Just realised that theres something I havent explained properly.
In the UK, how much your premium costs ususally realtes to the age you were when you took out the policy.
So if you took out a 15year term life policy when you were 25 - it would cost say £15 a month. Take out the same policy when you are 30 and it will cost £25 a month for the same amount of cover. Whenever you take out the policy - the premiums remains the same through the whole term. So taking out life insurance when young can bw well worth it - especially if you get "whole of life" policies which las as long as you do - even if its till you are 103 years old!
If you cancel your UK policies and then try to take out a policy here and compare it with takeing out a policy in the UK - you may find that NZ looks good to start with (but it may not) - the problem is it wont stay good.

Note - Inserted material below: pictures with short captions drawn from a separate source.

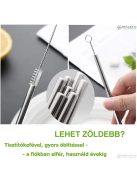 2 darabos fém szívószál készlet tisztítókefével, vászon tasakkal - Ezüst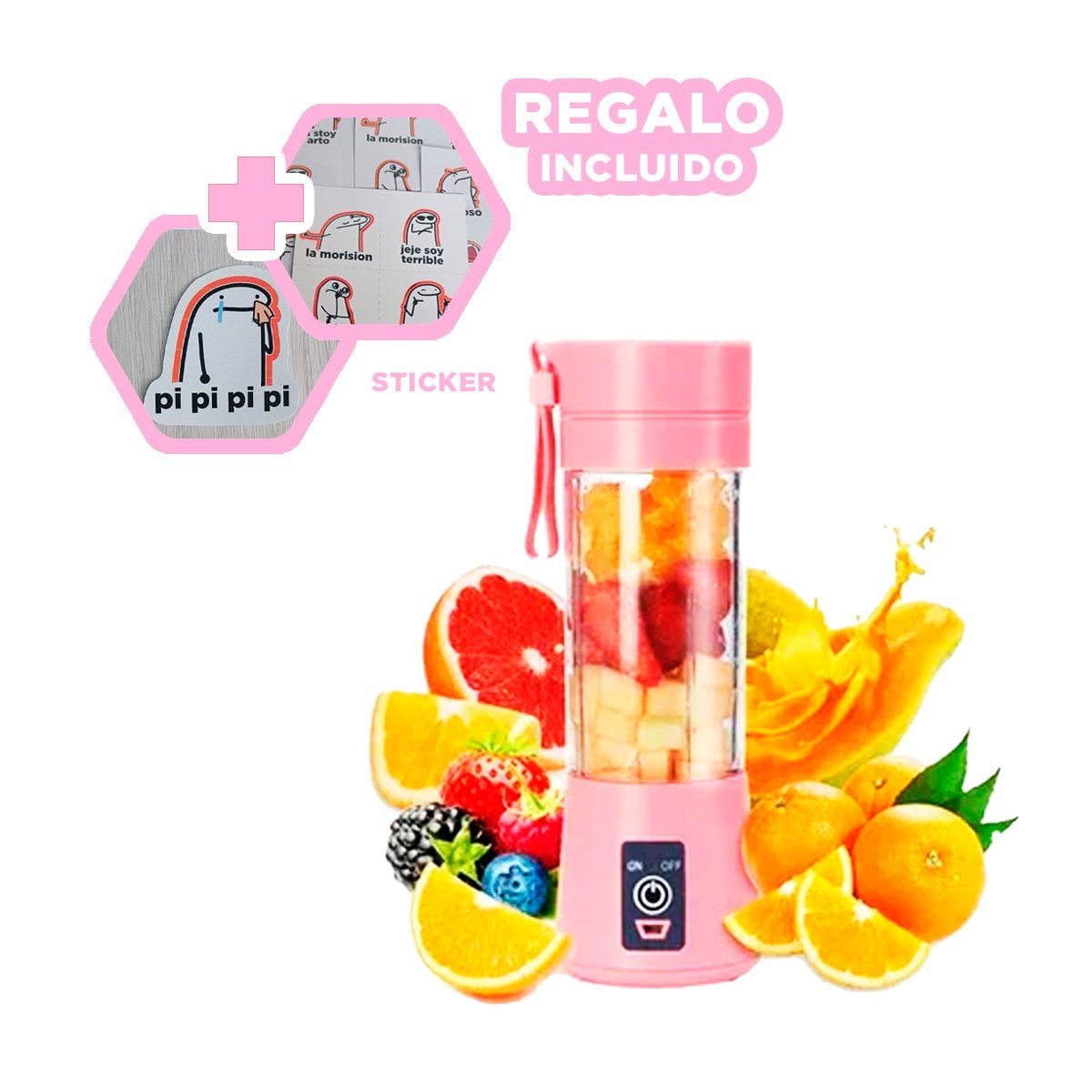 BATIDOR RECARGABLE PORTATIL ROSADO PARA JUGOS EN HOGAR Y+REGALO STICKER - 1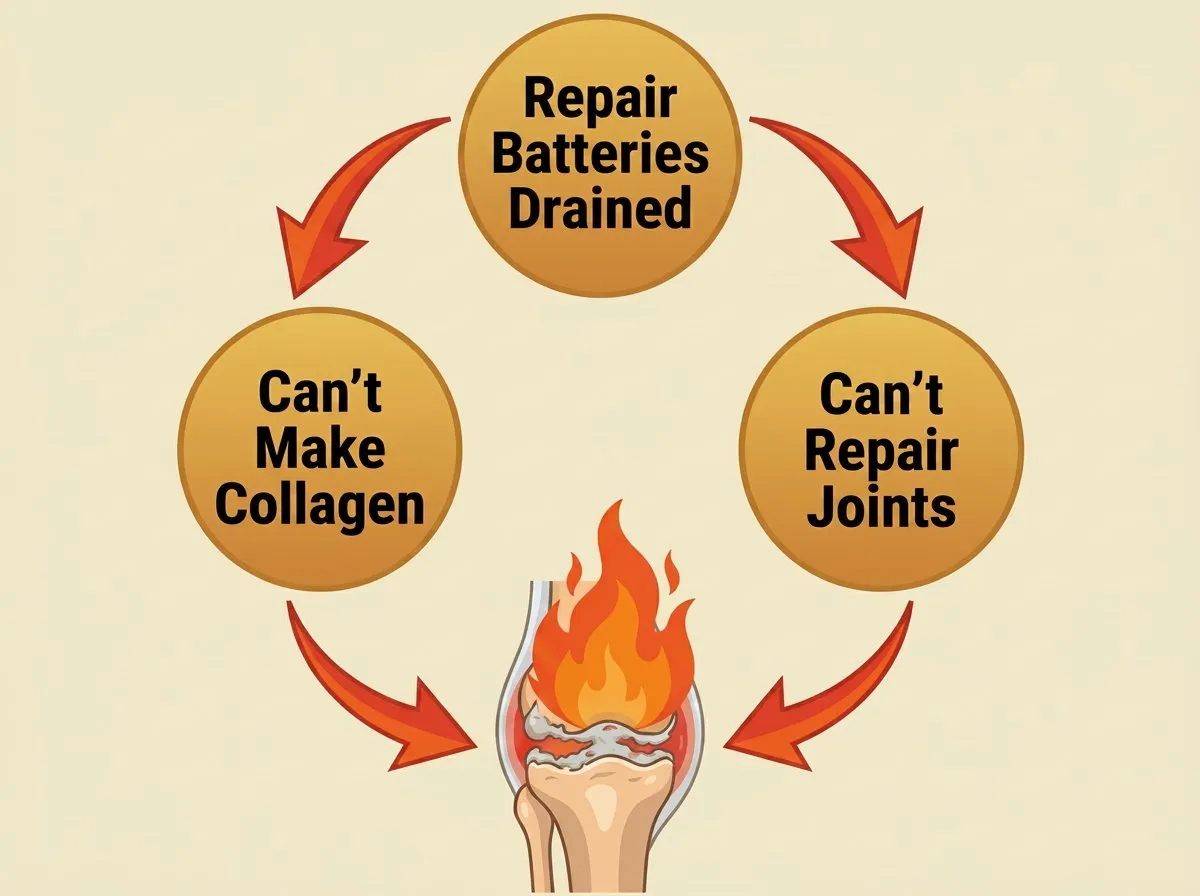 Vicious cycle: repair batteries drained, can't make collagen, can't repair joints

A friend who works in Life Insurance here in NZ says that thier biggest problem is retention of customers - because as soon as the premiums start increasing - they cancel the policy. Wouldnt happen so much if the premiums were kept at the same level.
Originally Posted by
Cardiff irons
but also worth looking into policies available in NZ that cover just your mortgage (can't for the life of me remember what they're called). I understand these might be relatively cheap (we're having quotes on them at the moment).
Have a look at Income Protection instead of mortgage repayment insurance. IP pays out not only your mortgae - but for all other bills as well - it can replace most of your salary. Better still - IP is tax deductable (I think thius is the case whether you are an employee or self employed but I cant swear to that) - so your premiums cost less in the end.